Perhaps because of this history, the Bishop scandal has developed quickly. It broke on Tuesday night, and gathered pace yesterday. This morning, Joe Hockey and Scott Morrison both distanced themselves from the Speaker.
By lunchtime today, Bishop had announced she would pay back the $5,200 for the helicopter charter.
“I have today written to the special minister of state indicating I will reimburse the Department of Finance the costs associated with the use of my charter allowance on 5 November 2014,” she said.
“Whilst my understanding is that this travel was conducted within the rules, to avoid any doubt I will reimburse the costs.”
But that will not be the end of the matter. The merciless pursuit of Slipper by the Coalition in opposition was by no means halted by his attempts to pay back the cab fares in question. And, indeed, paying the money back really shouldn’t bear on the abuse of the entitlement.
As Labor’s Graham Perrett asked: “Why would she pay the money back if she has done nothing wrong?”
Labor will pursue Bishop because she has been such a dismal speaker. Bishop’s blatantly partisan conduct in the chair has been notorious. Instead of standing aside from party politics, she continues to attend Liberal party room meetings.

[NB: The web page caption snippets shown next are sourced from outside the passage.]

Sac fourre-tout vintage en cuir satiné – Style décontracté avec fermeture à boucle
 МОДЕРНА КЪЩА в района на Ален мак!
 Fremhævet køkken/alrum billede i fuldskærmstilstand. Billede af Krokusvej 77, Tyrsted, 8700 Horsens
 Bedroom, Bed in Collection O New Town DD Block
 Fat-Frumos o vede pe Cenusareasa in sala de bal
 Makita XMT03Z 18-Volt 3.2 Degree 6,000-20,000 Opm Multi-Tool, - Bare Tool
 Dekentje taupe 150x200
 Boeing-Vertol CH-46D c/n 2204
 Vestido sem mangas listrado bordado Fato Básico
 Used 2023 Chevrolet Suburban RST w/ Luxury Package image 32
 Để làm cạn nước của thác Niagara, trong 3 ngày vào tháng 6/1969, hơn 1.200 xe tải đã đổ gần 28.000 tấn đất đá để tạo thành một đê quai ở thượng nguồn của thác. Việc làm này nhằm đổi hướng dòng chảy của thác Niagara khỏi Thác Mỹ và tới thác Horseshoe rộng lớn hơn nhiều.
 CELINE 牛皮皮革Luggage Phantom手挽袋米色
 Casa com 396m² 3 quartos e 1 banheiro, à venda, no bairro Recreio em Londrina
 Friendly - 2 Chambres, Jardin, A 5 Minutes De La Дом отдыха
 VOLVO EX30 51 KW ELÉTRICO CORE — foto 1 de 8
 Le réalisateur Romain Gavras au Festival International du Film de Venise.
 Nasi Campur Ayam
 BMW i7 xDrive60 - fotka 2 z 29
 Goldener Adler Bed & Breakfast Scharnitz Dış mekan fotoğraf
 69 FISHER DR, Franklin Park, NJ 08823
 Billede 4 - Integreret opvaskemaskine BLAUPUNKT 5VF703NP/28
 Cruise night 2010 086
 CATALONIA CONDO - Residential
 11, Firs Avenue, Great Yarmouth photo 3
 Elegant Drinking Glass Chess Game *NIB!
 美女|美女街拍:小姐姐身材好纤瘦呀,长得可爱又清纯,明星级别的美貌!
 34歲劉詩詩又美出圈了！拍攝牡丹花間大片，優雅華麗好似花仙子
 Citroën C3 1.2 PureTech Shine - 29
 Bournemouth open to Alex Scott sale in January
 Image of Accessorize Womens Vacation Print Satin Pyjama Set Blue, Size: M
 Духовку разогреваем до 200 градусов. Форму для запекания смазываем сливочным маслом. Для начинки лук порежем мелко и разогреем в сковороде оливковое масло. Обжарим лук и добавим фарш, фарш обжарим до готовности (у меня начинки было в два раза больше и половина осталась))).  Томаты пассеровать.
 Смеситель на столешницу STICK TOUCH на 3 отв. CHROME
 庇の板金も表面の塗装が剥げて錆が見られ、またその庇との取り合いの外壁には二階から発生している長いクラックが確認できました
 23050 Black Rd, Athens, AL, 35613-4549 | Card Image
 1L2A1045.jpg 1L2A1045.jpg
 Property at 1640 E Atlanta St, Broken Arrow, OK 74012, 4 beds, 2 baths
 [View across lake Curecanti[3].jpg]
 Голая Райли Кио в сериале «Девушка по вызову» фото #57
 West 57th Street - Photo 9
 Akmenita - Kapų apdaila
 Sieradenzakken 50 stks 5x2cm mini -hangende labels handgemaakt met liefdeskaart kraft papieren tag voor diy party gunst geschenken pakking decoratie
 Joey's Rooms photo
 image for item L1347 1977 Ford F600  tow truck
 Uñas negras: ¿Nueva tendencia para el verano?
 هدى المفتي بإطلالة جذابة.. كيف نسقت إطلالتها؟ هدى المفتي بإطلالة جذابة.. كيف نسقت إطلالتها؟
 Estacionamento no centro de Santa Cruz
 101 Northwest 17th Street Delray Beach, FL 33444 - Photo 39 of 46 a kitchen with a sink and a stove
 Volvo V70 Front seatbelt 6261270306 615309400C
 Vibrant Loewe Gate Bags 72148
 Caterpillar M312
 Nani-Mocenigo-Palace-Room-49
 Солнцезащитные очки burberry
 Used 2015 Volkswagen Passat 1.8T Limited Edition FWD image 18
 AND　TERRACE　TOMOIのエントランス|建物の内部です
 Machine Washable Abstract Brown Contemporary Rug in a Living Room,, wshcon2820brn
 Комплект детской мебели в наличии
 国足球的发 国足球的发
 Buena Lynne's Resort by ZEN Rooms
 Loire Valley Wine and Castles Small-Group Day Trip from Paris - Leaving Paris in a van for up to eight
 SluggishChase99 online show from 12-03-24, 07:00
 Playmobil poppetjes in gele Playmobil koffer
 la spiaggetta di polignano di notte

Since taking the role, she has suspended Labor members hundreds of times, sometimes for the flimsiest of reasons – even laughing. In contrast, only a handful of Coalition MPs have been removed. In 2014, she angered Labor MPs by appearing to take instructions from the government’s leader in the House, Christopher Pyne. She also regularly shuts down Labor questions to government ministers, and sometimes even dismisses points of order without hearing them.
Bishop’s immediate future now hangs on the support of Prime Minister Tony Abbott. If Abbott backs her – and they are of course old factional allies in the New South Wales Liberal Party – then she may be able to muddle through.
The issue will not go away quickly, and Labor has every incentive to try and destabilise the government by attacking Bishop, just as Tony Abbott did so successfully when he was opposition leader.
Let us hope Abbott does withdraw his support. Bishop has been a terrible speaker, the worst since Leo McLeay. She should go.
Australian democracy deserves better. But, in keeping with so many other aspects of this punitive and tribal government, we are unlikely to get it.